==== Dataset ====
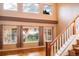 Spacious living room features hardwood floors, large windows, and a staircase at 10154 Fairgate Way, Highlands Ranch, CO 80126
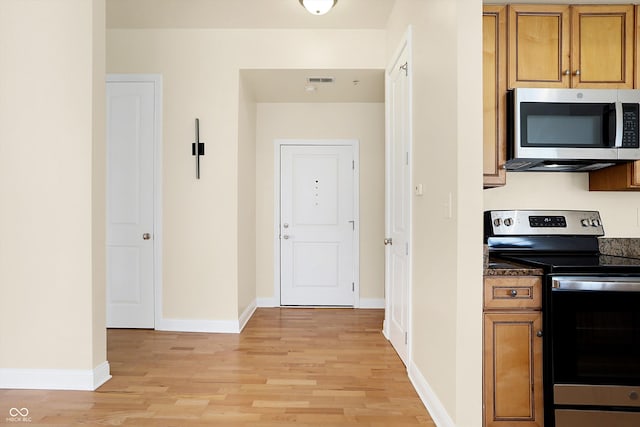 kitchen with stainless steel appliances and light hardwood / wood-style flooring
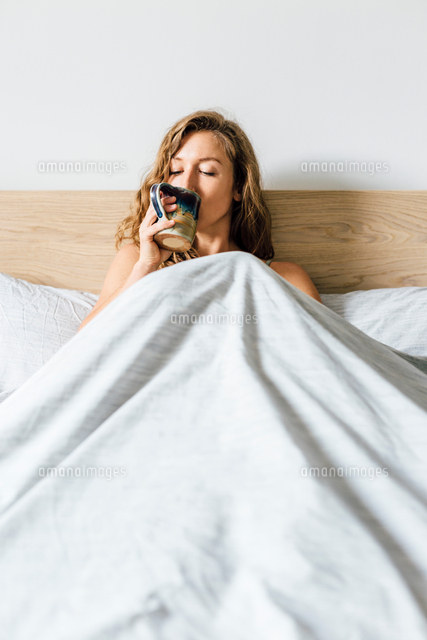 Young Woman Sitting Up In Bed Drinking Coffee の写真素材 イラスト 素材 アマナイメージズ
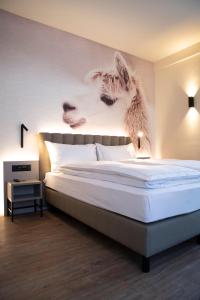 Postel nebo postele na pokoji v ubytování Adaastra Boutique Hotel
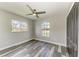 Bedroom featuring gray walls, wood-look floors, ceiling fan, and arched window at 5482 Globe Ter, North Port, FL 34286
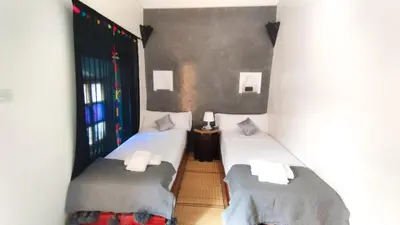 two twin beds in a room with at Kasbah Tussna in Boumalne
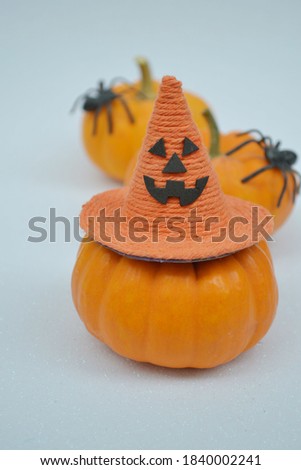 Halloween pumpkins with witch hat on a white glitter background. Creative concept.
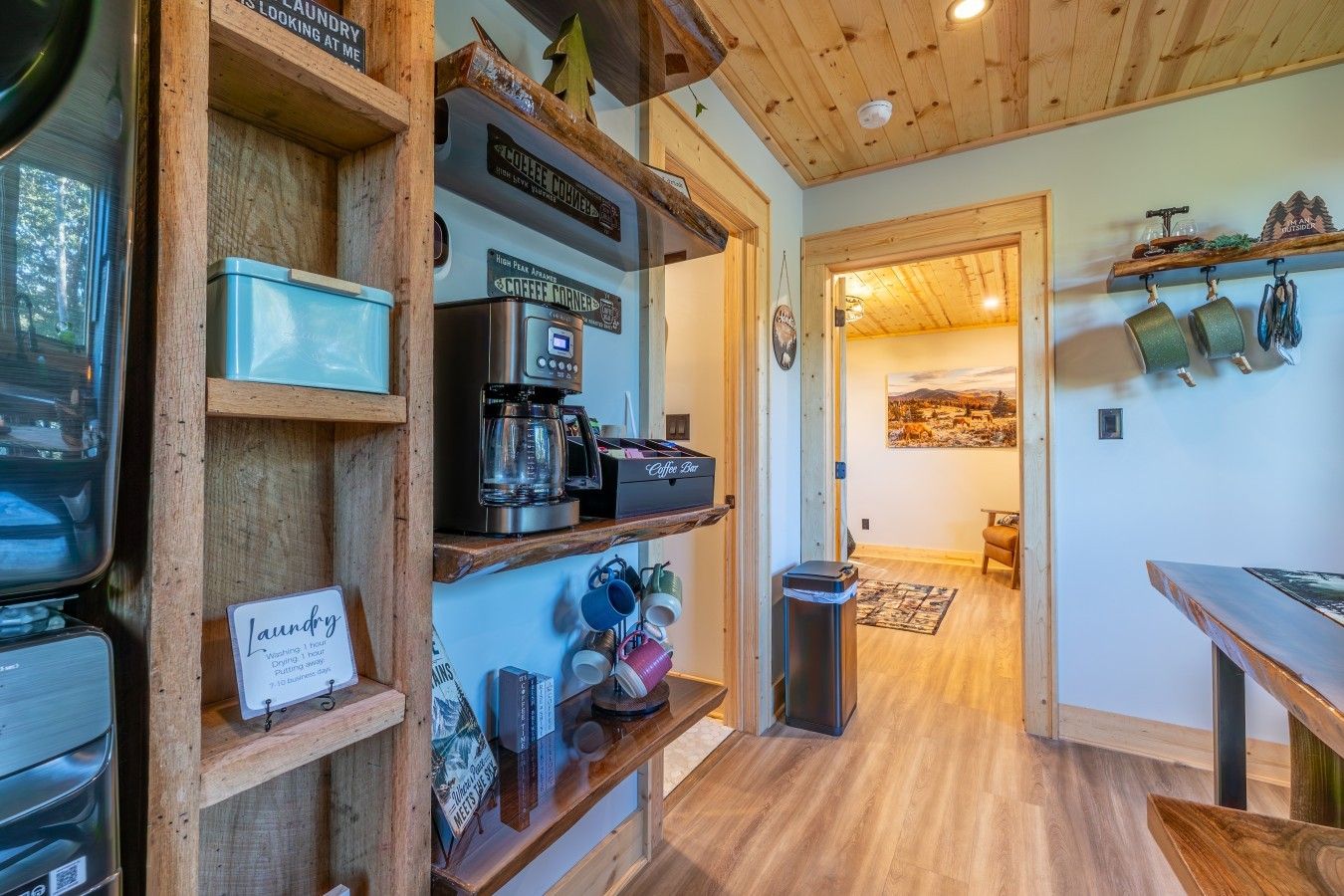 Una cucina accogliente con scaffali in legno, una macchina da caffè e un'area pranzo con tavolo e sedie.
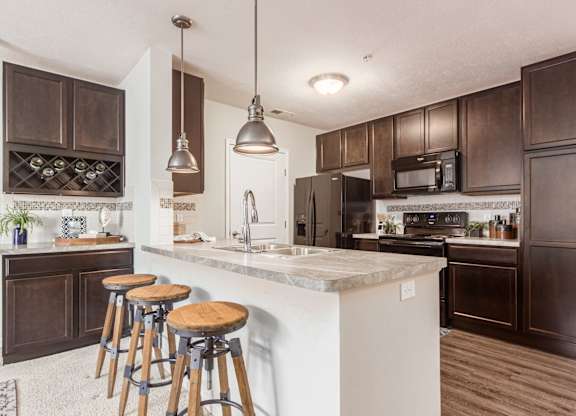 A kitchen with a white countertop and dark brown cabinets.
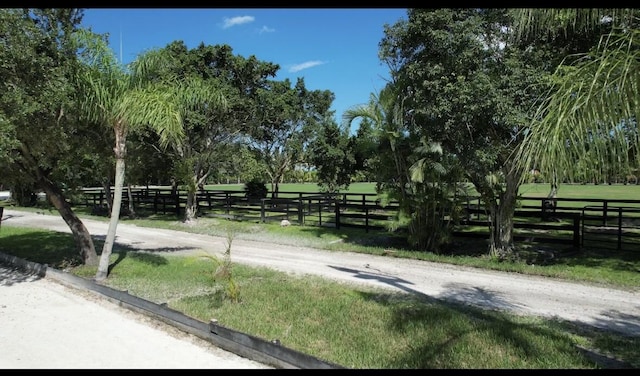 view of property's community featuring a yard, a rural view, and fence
====
**What is expected**
Every line above should be copied exactly; do not carry over the pictures.

**Written response**
 Spacious living room features hardwood floors, large windows, and a staircase at 10154 Fairgate Way, Highlands Ranch, CO 80126
 kitchen with stainless steel appliances and light hardwood / wood-style flooring
 Young Woman Sitting Up In Bed Drinking Coffee の写真素材 イラスト 素材 アマナイメージズ
 Postel nebo postele na pokoji v ubytování Adaastra Boutique Hotel
 Bedroom featuring gray walls, wood-look floors, ceiling fan, and arched window at 5482 Globe Ter, North Port, FL 34286
 two twin beds in a room with at Kasbah Tussna in Boumalne
 Halloween pumpkins with witch hat on a white glitter background. Creative concept.
 Una cucina accogliente con scaffali in legno, una macchina da caffè e un'area pranzo con tavolo e sedie.
 A kitchen with a white countertop and dark brown cabinets.
 view of property's community featuring a yard, a rural view, and fence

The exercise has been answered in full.